Art & Photography

FIAC 2018

Jo Lawson-Tancred travels to Paris to select her highlights from this year’s blockbuster art fair

FIAC (Foire Internationale d’Art Contemporain) returned to Paris for its 45th edition with 195 galleries from 27 countries. As in previous years, the programme, which easily fills the the vast space of the Grand Palais with a crawling maze of stands, bursts out of the building and into the streets with outdoor installations scattered across the temporarily pedestrianised Avenue Winston Churchill for ‘FIAC Projects’ (for which the Petit Palais will also house an arrangement of sculptures) and right through the Concorde and Jardin des Tuileries for ‘FIAC Hors les Mur’, a project in partnership with the Louvre. 

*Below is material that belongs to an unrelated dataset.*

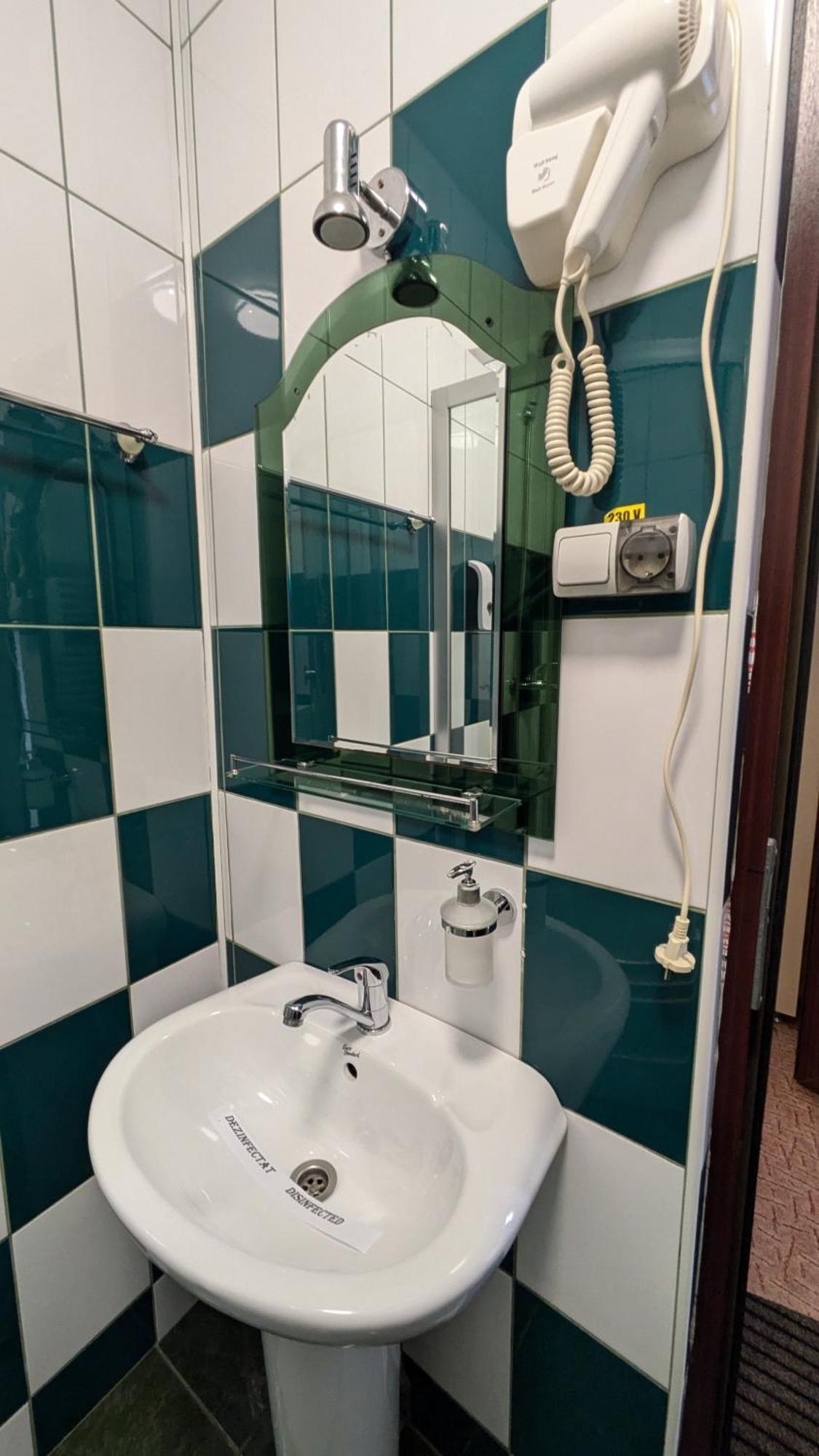 Motel Don Tomaso Vaslui Eksteriør bilde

It is this commitment to putting contemporary art out in the public space – a privately owned Calder will remain on display over the coming year at the Tuileries – and an infinite list of live performances, screenings and conferences that makes FIAC an essential part of Paris’s cultural calendar. Here are some highlights.

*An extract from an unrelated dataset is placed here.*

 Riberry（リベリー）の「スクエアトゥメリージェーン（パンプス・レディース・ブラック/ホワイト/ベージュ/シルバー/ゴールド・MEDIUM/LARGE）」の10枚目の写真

Henk Visch – ‘Du livre du matin’ (2018) bronze, Tim Van Laere Gallery

Among the large-scale sculpture that has been placed in conversation with existing 18th and 19th century monuments at the Jardin des Tuileries is a greying green bronze statue by the Dutch artist Henk Visch. At a distance it could come from any era, but as the visitor approaches it becomes all the more monstrous, until we are confronted with a loosely anthropomorphised quasi-spiritual rendering of the human psyche; alone, limbless, writhing. 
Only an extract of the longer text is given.